III. In view of actual trade growth, China's domestic agricultural support does not impact US large-scale commercial export
China's agricultural support is subsistence support, which mainly aims at improving farmers' livelihood. At the same time, China's agriculture bears multiple functions, to realize which efficiency is sacrificed. China's agricultural support has the distinguishing feature of compensating for the positive externality of agriculture, while the US introduces support policies for the competitiveness and commercial interests of farm owners.
In recent years, China's grain production has made some progress. The main reason, however, is that many farmers have no choice but to grow wheat, rice and maize, as soybeans and cotton they formerly grew were negatively impacted by continuous influx of imports. With regards to real market share, although production of China's three main grains has increased, the current degree of self-sufficiency has decreased to below 87%, if we take soybeans into account as a main grain following China's practice.
This clearly indicates that China has not overly stimulated grain production, China's agricultural support constitutes no obstacle to normal international trade and does not impact on US agricultural export to China. The US claimed that China's domestic support exceeded WTO accession commitments in 2012-2015. While it was during this period, China's imports from the US reached a record-high of 108.97 billion dollars, an increase of 38.53 billion dollars (up by 55%) from 70.44 billion dollars during 2008-2011. Despite slight fluctuations in 2015, the imports from the US accounted for 21% of China's total agricultural import value, with sorghum, DDGS and soybean accounts for 83.8%, 83.7%, 34.8% respectively, and for cotton and livestock, more than 10%.
IV. From the perspective of sustainability, the process of trade liberalization must take into account the need of developing members for food security and livelihood security of small farmers.
The US challenge against China's grain support policy is, in a matter of fact, the reflection of conflict between trade liberalization doctrine and real need of developing members to safeguard food security, which had once happened in the 9th WTO Ministerial Conference in 2013, where developing members and developed members had a dispute over public stockholding for food security purposes. Global cereal trade volume accounts for less than 15% of its output, more than 85% of cereal demand is met by domestic supply. The only way for developing members to have a stable food supply thereby ensuring food security is to increase investment in agriculture and food production, and support small farmers in particular, thus enhancing food production capacity. This is the reason why developing members reiterated in Doha negotiations that food security which is of paramount importance to developing members is not negotiable.
In fact, WTO has its answer to the conflict between trade liberalization and food security: food security must be fully taken into account during the process of trade liberalization, commercial interests cannot be obtained at the expense of small farmers' livelihood security and rural development need. Sufficient Special and Differential treatment must be provided to developing members, which is the underpinning principle of WTO and has been specified in Doha round negotiations. Uruguay round Agreement of Agriculture stipulates, "commitments under the reform programme should be made in an equitable way among all Members, having regard to non-trade concerns, including food security and the need to protect the environment;"

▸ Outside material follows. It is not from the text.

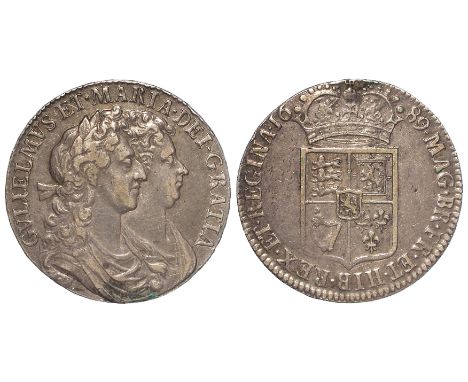 Halfcrown 1689 PRIMO, 1st reverse, no frosting, with pearls, S.3434, toned VF, a few old scratches and a dark patch 6 o'clock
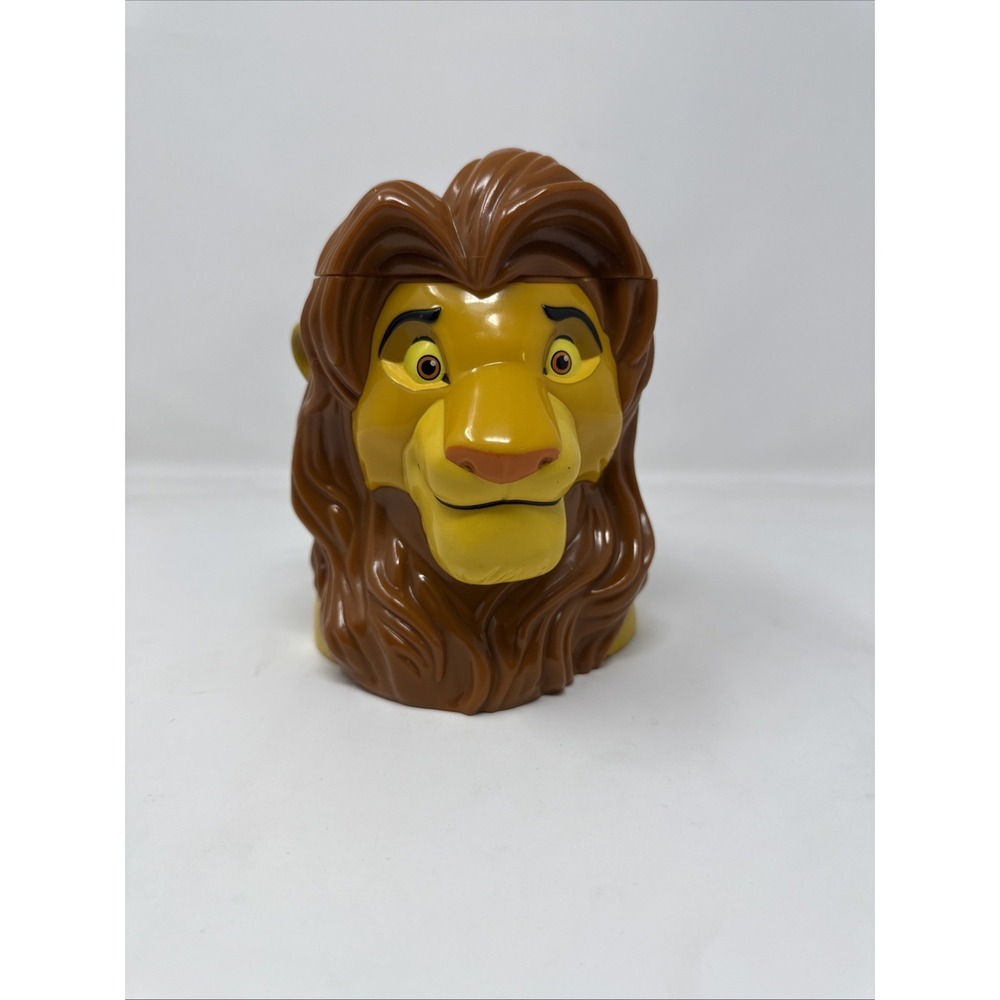 Disney Lion King Simba 3D Sculpted Plastic Mug Flip Top Lid Souvenir Disney Live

Eliminating poverty, ensuring food security and small farmers' livelihood security, are the common goals of all nations, but particularly important and arduous for China, a developing country with a huge population. Development of agricultural trade should be conducive to the attainment of those goals. Any trade liberalization ignoring China's circumstances and development is morally untenable, and is doomed to failure. Any trade growth ignoring the food security of 1.3 billion people and livelihood security of 620 million farmers is not healthy, nor sustainable.